In this paper we employ quantile regression techniques to study the gender gap. Our aim is to analyze gender gaps defined not just as the differences between the means of male and female wages but across all quantiles of these wage distributions. The Machado Mata (MM hereafter) decomposition technique is used to determine, at every percentile of the wage distribution, the portion of the gap due to gender differences in labor market characteristics such as education and age -composition effect- and the portion due to gender differences in the rewards to these characteristics -price effect.

Our data comes from the Colombian Household Survey (CHS), a repeated cross-section carried out by the Statistics Department. CHS collects information on demographic and socioeconomic characteristics. We use the June 2006 wave.

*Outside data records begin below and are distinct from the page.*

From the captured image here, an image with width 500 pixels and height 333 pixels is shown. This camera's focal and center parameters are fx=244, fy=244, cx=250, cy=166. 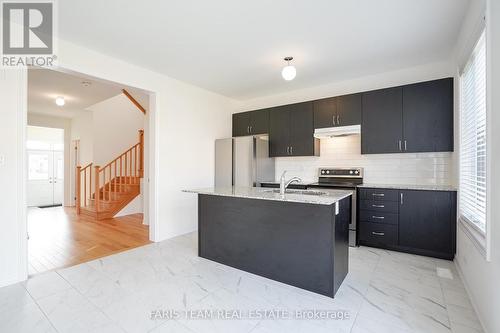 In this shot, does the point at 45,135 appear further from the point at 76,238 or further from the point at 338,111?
the point at 338,111

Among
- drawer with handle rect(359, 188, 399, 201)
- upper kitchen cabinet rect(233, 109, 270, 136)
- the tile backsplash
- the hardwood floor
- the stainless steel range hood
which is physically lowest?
the hardwood floor

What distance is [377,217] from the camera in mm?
3416

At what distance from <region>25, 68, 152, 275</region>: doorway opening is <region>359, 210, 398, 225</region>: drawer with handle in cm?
332

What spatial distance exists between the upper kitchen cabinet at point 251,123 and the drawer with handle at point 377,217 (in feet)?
7.52

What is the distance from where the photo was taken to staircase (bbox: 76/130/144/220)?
560 centimetres

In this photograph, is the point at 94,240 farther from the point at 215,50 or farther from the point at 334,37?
the point at 334,37

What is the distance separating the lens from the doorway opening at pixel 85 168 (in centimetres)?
371

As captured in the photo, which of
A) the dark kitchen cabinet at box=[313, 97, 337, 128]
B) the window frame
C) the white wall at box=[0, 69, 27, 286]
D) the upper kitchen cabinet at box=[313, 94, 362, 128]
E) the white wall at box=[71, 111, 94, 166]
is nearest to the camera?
the window frame

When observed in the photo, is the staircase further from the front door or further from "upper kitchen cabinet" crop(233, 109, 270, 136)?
"upper kitchen cabinet" crop(233, 109, 270, 136)

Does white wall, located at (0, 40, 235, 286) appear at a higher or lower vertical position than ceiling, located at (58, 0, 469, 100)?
lower

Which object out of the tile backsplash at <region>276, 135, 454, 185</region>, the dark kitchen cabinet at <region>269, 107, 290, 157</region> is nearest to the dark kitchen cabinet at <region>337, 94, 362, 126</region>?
the tile backsplash at <region>276, 135, 454, 185</region>

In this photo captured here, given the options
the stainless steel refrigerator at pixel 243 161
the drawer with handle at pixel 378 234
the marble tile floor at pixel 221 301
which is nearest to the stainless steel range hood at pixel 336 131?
the stainless steel refrigerator at pixel 243 161

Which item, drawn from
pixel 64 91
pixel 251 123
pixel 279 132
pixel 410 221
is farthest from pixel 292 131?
pixel 64 91

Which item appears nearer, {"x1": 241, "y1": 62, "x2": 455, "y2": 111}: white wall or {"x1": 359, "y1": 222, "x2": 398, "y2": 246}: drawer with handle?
{"x1": 359, "y1": 222, "x2": 398, "y2": 246}: drawer with handle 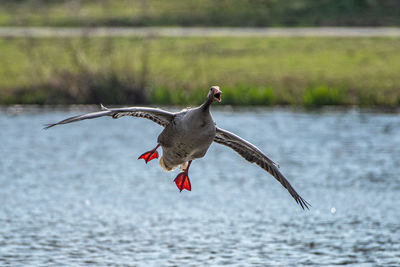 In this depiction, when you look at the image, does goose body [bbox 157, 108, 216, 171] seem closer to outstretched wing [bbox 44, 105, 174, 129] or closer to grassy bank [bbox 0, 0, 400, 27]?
outstretched wing [bbox 44, 105, 174, 129]

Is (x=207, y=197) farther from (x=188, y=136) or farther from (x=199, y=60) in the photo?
(x=199, y=60)

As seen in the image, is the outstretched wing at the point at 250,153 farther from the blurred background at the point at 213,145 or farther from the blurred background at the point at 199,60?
the blurred background at the point at 199,60

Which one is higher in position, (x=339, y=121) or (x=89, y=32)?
(x=89, y=32)

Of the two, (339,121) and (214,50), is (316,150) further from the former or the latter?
(214,50)

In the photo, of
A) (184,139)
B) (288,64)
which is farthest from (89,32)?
(184,139)

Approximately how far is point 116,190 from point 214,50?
19.9 m

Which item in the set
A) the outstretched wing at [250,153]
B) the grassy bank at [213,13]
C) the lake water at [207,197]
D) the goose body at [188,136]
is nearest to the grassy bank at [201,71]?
the lake water at [207,197]

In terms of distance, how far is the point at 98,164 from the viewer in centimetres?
2903

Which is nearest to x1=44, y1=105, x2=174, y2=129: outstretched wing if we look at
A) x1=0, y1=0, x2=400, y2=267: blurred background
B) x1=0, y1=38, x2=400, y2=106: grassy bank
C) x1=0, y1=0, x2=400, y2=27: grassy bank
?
x1=0, y1=0, x2=400, y2=267: blurred background

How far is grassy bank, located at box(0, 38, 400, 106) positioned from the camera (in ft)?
123

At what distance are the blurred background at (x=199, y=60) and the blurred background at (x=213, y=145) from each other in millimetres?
100

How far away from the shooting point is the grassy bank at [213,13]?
51000 millimetres

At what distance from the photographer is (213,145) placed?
33.8 metres

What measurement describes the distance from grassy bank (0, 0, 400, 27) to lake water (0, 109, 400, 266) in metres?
14.9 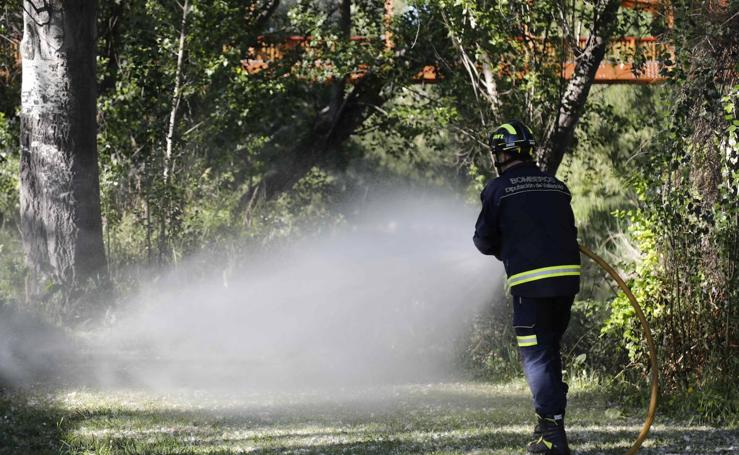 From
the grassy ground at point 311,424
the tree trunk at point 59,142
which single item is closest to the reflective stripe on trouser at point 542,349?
the grassy ground at point 311,424

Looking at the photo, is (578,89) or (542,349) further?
(578,89)

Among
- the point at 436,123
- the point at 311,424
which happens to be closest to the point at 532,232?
the point at 311,424

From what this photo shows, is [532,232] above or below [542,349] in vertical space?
above

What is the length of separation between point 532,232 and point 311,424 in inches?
90.3

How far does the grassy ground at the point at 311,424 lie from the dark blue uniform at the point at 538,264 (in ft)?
1.89

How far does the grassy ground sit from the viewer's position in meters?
5.73

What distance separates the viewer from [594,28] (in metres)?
10.6

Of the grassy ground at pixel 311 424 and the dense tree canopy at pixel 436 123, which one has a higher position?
the dense tree canopy at pixel 436 123

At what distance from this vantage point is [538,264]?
5.24m

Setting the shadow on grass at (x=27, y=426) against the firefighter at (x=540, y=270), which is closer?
the firefighter at (x=540, y=270)

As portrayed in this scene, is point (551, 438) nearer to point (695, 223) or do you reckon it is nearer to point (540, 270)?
point (540, 270)

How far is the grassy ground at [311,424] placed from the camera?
18.8ft

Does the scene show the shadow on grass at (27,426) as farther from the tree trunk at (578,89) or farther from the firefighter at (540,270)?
the tree trunk at (578,89)

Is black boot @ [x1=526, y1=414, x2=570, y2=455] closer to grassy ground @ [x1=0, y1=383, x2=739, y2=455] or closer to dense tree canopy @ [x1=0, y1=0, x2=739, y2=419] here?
grassy ground @ [x1=0, y1=383, x2=739, y2=455] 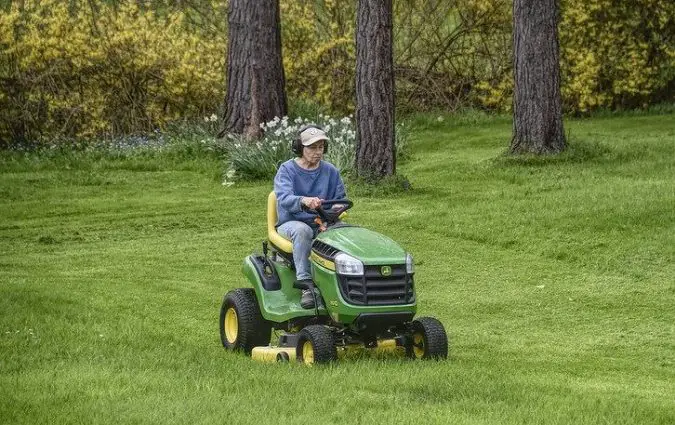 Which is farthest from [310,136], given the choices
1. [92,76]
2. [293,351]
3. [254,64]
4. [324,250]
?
[92,76]

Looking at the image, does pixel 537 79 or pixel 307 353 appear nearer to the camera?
pixel 307 353

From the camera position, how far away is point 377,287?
8.77m

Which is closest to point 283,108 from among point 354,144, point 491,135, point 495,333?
point 354,144

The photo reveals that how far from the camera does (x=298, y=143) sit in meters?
9.51

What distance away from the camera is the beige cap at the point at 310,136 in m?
9.38

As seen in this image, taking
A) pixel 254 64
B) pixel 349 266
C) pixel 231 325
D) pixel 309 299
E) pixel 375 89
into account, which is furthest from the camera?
pixel 254 64

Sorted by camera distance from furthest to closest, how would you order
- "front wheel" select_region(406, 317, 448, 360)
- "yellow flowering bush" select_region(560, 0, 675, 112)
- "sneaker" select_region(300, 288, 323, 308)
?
1. "yellow flowering bush" select_region(560, 0, 675, 112)
2. "sneaker" select_region(300, 288, 323, 308)
3. "front wheel" select_region(406, 317, 448, 360)

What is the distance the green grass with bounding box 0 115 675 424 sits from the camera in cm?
738

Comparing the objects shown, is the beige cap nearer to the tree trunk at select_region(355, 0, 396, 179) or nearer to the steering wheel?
the steering wheel

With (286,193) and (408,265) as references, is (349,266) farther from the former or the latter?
(286,193)

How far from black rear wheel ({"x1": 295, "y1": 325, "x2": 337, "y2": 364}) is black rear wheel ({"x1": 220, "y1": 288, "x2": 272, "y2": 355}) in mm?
762

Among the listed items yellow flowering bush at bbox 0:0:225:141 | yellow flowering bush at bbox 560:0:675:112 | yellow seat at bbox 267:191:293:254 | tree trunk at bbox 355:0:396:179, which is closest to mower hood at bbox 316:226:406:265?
yellow seat at bbox 267:191:293:254

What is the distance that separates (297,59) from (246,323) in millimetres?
17057

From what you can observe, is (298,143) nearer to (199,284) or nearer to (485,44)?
(199,284) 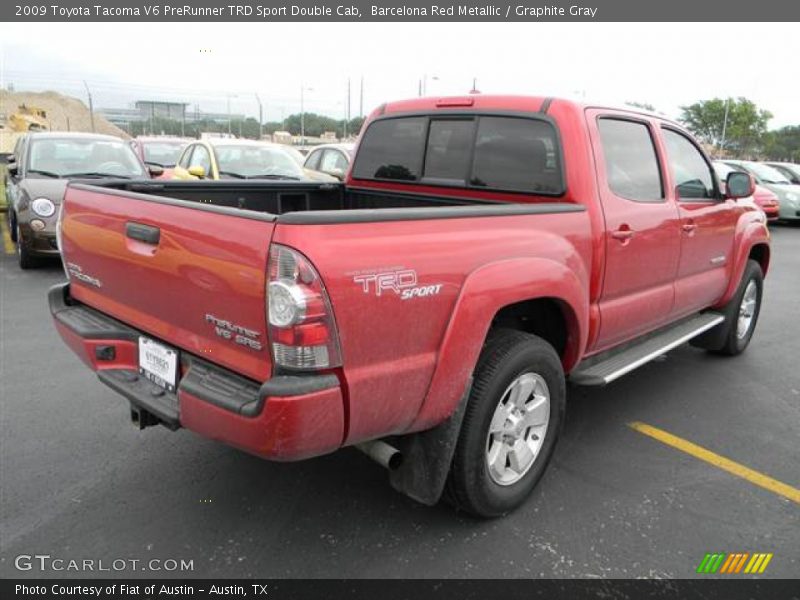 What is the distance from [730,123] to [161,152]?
47134mm

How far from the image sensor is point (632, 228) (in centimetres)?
348

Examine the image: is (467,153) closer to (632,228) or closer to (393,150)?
(393,150)

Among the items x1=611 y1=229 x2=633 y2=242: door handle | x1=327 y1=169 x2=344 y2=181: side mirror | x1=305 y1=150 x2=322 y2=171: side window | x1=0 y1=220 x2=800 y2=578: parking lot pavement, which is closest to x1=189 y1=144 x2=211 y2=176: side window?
x1=327 y1=169 x2=344 y2=181: side mirror

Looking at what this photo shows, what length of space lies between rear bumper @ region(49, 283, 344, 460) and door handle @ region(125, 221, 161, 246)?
1.47 ft

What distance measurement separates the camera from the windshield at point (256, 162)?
980 centimetres

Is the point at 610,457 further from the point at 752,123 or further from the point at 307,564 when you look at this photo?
the point at 752,123

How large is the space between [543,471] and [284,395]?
1.64m

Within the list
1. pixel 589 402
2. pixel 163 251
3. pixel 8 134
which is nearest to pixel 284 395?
pixel 163 251

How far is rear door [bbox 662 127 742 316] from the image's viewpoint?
4109 millimetres

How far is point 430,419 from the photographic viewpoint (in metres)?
2.47

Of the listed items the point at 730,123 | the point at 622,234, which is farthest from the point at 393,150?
the point at 730,123

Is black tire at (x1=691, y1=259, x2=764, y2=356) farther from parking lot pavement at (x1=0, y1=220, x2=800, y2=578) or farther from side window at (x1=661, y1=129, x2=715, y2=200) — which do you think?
side window at (x1=661, y1=129, x2=715, y2=200)

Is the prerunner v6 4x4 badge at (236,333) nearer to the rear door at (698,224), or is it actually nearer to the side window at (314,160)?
the rear door at (698,224)

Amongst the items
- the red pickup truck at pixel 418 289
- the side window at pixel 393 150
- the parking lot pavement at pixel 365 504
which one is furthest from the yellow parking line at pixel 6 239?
the side window at pixel 393 150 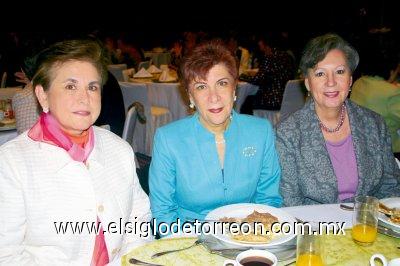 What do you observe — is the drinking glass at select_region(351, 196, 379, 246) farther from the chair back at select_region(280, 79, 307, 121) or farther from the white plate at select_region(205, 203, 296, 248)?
the chair back at select_region(280, 79, 307, 121)

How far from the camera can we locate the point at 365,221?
147 centimetres

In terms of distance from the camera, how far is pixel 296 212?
5.54 feet

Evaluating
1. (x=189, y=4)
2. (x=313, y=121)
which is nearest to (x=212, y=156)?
(x=313, y=121)

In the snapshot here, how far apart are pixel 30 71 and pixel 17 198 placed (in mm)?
567

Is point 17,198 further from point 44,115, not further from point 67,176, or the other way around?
point 44,115

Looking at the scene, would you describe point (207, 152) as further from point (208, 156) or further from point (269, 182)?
point (269, 182)

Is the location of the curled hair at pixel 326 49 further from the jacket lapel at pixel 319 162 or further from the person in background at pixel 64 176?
the person in background at pixel 64 176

Our main finding says that men get paid significantly more than women after controlling for observable factors and the gap displays a U-shape: women's wages lie further below men's at the extremes of the distribution than around the middle of the distribution. This result complements the international literature on gender gap distributions. De la Rica, Dolado and Llorens (2008) also find a U shaped gap in data from Spain, while Albrecht, Van Vuuren and Vroman (2009) find that, in the Netherlands, the gap is larger at the top of the distribution. A substantial gender gap at the top quantiles of the wage distribution is commonly referred to as a "glass ceiling effect". We refer to the sizable gap observed at the bottom of the distribution in Spain and Colombia as a "quicksand floor effect".

Several papers decompose the gender wage gap across the distribution for different countries.^{2} However, only Albrecht, Van Vuuren and Vroman (2009) control for sample selection bias in the estimation of female wage regressions. Since female participation is far from universal in Colombia this is an important issue. We follow the extension of MM proposed by Albrecht *et al. *(2009) -AVV hereafter- in order to account for sample selection. Their approach uses the two-stage sample selection correction procedure introduced by Buchinsky (1998). This procedure combines a semiparametric binary model for the participation equation with a linear quantile regression model for the wage equation.

Our second finding says that despite having one of the highest female labor participation rates in Latin America, self selection of women into work is important in the Colombian case. If all women participated in the labor force, the observed gender wage gap would be larger by roughly 50% at all quantiles. Finally, we find that the bulk of the gender gap (both before and after controlling for selection) is explained by differences in the returns to characteristics. This is similar to what has been found in other countries (see, for example AVV).

The next Section describes the data used and presents descriptive statistics. Section III describes the metholodogy used, and results are presented in Section IV, both before and after controlling for sample selection. Sections V concludes, discusses policy implications of our results and directions for future work.

**II. DESCRIPTIVE STATISTICS AND DATA**

We use the Colombian Household Survey (CHS), a repeated cross-section carried out by the Statistics Department. CHS collects information on demographic and socioeconomic characteristics such as gender, age, marital status and educational attainment, as well as labor market variables for the population aged 12 or more including occupation, job type, income and sector of employment. We use the June 2006 wave to analyze the evolution of the raw gap and then focus on the latter wave to perform the selection correction and decomposition exercises.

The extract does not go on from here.